Data Bursa Efek Indonesia (BEI) mencatat indeks meningkat 0,95 persen atau 65,49 poin hingga pukul 09.02 WIB. Pada awal sesi, IHSG bergerak di rentang terendah 6.938,89 hingga sempat menyentuh posisi tertinggi pada level 6.977,28.

Kondisi pasar menunjukkan sebanyak 325 saham bergerak menguat, sementara 128 saham terkoreksi dan 209 saham lainnya tidak mengalami perubahan harga. Nilai kapitalisasi pasar pada pembukaan perdagangan kali ini tercatat mencapai Rp12.460,08 triliun.

Daftar Pergerakan Saham Kapitalisasi Besar
Kode SahamNama EmitenPersentaseHarga (Rp)
DSSAPT Dian Swastatika Sentosa Tbk.+5,29%1.195
TPIAPT Chandra Asri Pacific Tbk.+2,97%5.200
AMMNPT Amman Mineral Internasional Tbk.+1,94%4.210
BRENPT Barito Renewables Energy Tbk.+1,85%3.860
TLKMPT Telkom Indonesia (Persero) Tbk.+1,01%-
ASIIPT Astra International Tbk.-0,83%6.000

Di deretan saham dengan lonjakan tertinggi, PT Communication Cable Systems Indonesia Tbk. (CCSI) memimpin dengan kenaikan 25 persen ke level Rp300. Sebaliknya, PT Asia Pramulia Tbk. (ASPR) masuk jajaran pelemahan terdalam setelah merosot 14,95 persen ke angka Rp330.

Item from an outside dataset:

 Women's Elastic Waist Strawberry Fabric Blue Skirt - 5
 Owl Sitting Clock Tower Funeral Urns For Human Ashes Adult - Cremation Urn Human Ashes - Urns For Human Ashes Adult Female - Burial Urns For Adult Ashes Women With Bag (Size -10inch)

Analis memproyeksikan IHSG berpotensi mengalami pembalikan arah secara teknis dalam jangka pendek pada hari ini. Penjelasan mengenai potensi pasar ini disampaikan oleh Head of Retail Research BNI Sekuritas, Fanny Suherman.

"IHSG berpotensi short term technical rebound hari ini ke level 6.950, tetapi gunakan untuk sell on high karena IHSG masih rentan kembali koreksi," ujar Fanny dalam publikasi riset harian, Selasa (12/5/2026).

Riset BNI Sekuritas juga menunjukkan adanya aksi jual bersih investor asing senilai Rp659 miliar pada perdagangan sebelumnya. Fokus pasar global saat ini tertuju pada optimisme sektor kecerdasan buatan di Wall Street serta perkembangan situasi geopolitik di Timur Tengah.